-- EXERCISE DETAILS --
Print the records below word for word, beginning with the first line and ending once the line containing "VisitScotland tweet media" is printed.

-- DATA TO PROCESS --
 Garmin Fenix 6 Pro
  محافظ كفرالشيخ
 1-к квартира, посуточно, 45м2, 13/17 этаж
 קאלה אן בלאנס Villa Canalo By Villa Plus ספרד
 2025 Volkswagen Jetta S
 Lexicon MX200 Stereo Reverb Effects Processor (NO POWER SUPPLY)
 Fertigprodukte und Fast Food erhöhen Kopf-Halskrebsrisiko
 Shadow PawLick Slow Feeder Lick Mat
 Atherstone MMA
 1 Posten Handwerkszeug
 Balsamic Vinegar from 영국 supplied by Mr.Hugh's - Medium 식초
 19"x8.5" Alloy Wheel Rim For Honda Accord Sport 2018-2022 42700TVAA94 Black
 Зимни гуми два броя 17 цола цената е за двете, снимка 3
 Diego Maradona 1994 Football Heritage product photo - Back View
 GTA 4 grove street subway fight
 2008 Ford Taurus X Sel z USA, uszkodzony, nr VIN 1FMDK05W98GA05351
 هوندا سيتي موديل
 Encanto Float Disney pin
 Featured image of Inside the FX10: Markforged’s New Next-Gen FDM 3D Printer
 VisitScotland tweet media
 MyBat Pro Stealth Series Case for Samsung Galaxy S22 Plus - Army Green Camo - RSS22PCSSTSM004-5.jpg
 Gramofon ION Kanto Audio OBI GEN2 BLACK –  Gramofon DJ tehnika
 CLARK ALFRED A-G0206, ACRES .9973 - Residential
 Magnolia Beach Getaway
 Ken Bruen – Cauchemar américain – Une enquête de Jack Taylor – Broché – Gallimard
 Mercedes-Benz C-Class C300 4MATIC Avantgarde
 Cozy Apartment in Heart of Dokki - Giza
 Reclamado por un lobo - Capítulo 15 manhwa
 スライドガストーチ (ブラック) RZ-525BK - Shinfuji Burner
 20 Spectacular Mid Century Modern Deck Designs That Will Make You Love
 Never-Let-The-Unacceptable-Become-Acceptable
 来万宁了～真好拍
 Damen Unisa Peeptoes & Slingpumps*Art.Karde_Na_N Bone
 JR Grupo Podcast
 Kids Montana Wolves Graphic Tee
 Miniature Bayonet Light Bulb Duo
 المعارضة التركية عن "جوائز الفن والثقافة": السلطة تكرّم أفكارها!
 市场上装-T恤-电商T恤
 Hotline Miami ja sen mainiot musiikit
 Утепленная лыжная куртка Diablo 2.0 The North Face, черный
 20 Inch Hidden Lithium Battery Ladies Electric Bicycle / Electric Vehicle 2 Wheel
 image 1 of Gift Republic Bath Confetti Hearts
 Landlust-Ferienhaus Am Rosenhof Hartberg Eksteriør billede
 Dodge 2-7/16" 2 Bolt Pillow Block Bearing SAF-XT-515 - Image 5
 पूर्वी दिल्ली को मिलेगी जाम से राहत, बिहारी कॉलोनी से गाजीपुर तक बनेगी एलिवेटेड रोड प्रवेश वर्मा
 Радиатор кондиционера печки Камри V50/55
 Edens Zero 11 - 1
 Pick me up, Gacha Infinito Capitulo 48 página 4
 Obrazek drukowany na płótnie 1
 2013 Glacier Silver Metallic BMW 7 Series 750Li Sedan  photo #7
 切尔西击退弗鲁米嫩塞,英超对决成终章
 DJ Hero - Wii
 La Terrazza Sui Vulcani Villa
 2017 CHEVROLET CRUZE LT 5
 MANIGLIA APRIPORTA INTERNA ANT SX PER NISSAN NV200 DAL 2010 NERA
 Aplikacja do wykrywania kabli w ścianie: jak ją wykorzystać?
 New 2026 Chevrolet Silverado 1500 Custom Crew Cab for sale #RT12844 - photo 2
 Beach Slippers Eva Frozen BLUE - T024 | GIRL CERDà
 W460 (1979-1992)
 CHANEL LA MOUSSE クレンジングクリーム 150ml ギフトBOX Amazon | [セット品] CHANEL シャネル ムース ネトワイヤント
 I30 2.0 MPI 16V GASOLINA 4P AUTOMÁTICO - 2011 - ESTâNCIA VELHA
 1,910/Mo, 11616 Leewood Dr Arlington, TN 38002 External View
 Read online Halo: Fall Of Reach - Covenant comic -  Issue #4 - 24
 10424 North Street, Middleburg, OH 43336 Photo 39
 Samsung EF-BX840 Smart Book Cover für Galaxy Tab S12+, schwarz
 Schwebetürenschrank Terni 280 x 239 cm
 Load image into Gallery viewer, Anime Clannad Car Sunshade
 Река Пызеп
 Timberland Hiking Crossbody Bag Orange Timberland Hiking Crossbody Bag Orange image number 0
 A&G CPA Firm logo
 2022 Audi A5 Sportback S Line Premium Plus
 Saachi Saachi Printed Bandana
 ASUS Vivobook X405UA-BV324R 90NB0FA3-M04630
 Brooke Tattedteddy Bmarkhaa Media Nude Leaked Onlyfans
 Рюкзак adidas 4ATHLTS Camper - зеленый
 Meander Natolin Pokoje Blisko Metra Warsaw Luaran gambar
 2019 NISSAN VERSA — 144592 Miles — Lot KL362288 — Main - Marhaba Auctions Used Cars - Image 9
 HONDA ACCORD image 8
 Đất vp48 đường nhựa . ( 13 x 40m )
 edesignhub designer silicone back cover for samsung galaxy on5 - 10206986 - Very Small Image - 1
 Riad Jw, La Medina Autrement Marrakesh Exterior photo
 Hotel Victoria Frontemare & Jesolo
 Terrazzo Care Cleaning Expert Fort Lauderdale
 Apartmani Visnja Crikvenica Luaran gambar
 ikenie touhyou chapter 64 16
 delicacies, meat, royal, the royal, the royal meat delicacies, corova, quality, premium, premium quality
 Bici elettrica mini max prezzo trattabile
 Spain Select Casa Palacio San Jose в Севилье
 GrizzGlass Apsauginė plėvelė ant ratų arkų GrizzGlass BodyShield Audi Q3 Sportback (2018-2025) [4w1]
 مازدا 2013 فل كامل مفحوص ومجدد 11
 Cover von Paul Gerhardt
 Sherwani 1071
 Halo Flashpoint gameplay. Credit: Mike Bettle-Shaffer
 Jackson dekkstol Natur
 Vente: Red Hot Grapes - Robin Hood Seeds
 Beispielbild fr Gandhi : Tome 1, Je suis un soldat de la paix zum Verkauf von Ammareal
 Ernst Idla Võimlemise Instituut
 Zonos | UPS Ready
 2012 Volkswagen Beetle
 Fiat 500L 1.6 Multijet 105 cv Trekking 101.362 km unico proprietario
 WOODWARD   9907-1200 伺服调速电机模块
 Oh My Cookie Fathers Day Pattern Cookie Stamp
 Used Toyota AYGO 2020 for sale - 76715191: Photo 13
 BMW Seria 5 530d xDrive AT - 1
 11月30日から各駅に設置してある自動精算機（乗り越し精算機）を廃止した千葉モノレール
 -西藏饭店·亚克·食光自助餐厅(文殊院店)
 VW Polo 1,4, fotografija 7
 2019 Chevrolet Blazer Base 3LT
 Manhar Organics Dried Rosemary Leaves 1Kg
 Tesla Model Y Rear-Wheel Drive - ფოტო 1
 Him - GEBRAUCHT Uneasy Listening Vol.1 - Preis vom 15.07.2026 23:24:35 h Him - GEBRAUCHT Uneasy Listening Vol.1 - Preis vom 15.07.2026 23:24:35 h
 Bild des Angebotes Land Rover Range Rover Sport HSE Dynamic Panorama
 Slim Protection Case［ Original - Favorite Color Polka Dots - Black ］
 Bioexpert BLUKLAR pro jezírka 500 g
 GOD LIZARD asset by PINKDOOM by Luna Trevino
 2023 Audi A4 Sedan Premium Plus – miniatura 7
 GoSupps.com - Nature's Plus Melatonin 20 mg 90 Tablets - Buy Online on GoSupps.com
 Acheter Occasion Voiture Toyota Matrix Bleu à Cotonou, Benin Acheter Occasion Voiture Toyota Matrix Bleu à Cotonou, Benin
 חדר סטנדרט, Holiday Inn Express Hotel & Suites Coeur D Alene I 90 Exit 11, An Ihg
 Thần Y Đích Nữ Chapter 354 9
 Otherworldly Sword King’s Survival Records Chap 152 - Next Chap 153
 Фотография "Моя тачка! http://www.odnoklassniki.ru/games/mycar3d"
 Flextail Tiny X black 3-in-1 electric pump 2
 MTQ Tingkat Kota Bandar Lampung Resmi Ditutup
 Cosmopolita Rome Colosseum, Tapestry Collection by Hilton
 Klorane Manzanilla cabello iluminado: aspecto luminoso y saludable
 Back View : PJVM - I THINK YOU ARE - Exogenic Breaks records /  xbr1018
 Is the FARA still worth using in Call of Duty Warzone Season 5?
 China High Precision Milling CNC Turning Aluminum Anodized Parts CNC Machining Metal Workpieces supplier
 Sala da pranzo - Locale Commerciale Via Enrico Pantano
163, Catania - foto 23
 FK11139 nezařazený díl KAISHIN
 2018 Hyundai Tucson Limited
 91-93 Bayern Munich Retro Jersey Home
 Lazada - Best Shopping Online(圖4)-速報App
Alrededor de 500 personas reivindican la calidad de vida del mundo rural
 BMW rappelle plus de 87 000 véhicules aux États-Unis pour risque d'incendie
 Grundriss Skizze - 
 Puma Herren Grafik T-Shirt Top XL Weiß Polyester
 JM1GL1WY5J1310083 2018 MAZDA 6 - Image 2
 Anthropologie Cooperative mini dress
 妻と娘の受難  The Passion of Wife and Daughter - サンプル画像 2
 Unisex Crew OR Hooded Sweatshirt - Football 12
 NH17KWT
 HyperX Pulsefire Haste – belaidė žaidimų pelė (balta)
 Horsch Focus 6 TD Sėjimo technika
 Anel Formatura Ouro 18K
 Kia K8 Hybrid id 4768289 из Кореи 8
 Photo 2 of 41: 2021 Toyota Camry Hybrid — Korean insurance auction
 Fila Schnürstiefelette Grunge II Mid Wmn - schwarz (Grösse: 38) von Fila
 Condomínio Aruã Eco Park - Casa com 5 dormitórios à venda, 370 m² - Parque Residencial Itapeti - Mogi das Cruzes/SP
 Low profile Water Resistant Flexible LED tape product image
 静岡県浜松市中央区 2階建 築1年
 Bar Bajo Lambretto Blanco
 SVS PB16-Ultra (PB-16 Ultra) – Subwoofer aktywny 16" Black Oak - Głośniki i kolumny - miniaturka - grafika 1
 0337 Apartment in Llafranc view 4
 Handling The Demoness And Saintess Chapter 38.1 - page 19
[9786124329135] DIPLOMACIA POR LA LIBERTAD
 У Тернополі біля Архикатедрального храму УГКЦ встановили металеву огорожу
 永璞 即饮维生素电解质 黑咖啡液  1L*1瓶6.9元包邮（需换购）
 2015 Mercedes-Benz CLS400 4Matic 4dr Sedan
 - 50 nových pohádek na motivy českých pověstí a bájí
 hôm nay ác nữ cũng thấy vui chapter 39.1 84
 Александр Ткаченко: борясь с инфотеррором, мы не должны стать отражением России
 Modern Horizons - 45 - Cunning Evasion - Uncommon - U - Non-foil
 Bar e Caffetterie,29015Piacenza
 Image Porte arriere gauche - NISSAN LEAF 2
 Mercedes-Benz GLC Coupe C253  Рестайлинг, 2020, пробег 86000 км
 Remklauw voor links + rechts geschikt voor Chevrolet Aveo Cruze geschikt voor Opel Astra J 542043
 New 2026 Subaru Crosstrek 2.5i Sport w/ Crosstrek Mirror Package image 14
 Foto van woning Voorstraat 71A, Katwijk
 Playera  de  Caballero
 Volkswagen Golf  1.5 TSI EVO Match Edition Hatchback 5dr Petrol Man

-- ANSWER TO THIS TASK --
 Garmin Fenix 6 Pro
  محافظ كفرالشيخ
 1-к квартира, посуточно, 45м2, 13/17 этаж
 קאלה אן בלאנס Villa Canalo By Villa Plus ספרד
 2025 Volkswagen Jetta S
 Lexicon MX200 Stereo Reverb Effects Processor (NO POWER SUPPLY)
 Fertigprodukte und Fast Food erhöhen Kopf-Halskrebsrisiko
 Shadow PawLick Slow Feeder Lick Mat
 Atherstone MMA
 1 Posten Handwerkszeug
 Balsamic Vinegar from 영국 supplied by Mr.Hugh's - Medium 식초
 19"x8.5" Alloy Wheel Rim For Honda Accord Sport 2018-2022 42700TVAA94 Black
 Зимни гуми два броя 17 цола цената е за двете, снимка 3
 Diego Maradona 1994 Football Heritage product photo - Back View
 GTA 4 grove street subway fight
 2008 Ford Taurus X Sel z USA, uszkodzony, nr VIN 1FMDK05W98GA05351
 هوندا سيتي موديل
 Encanto Float Disney pin
 Featured image of Inside the FX10: Markforged’s New Next-Gen FDM 3D Printer
 VisitScotland tweet media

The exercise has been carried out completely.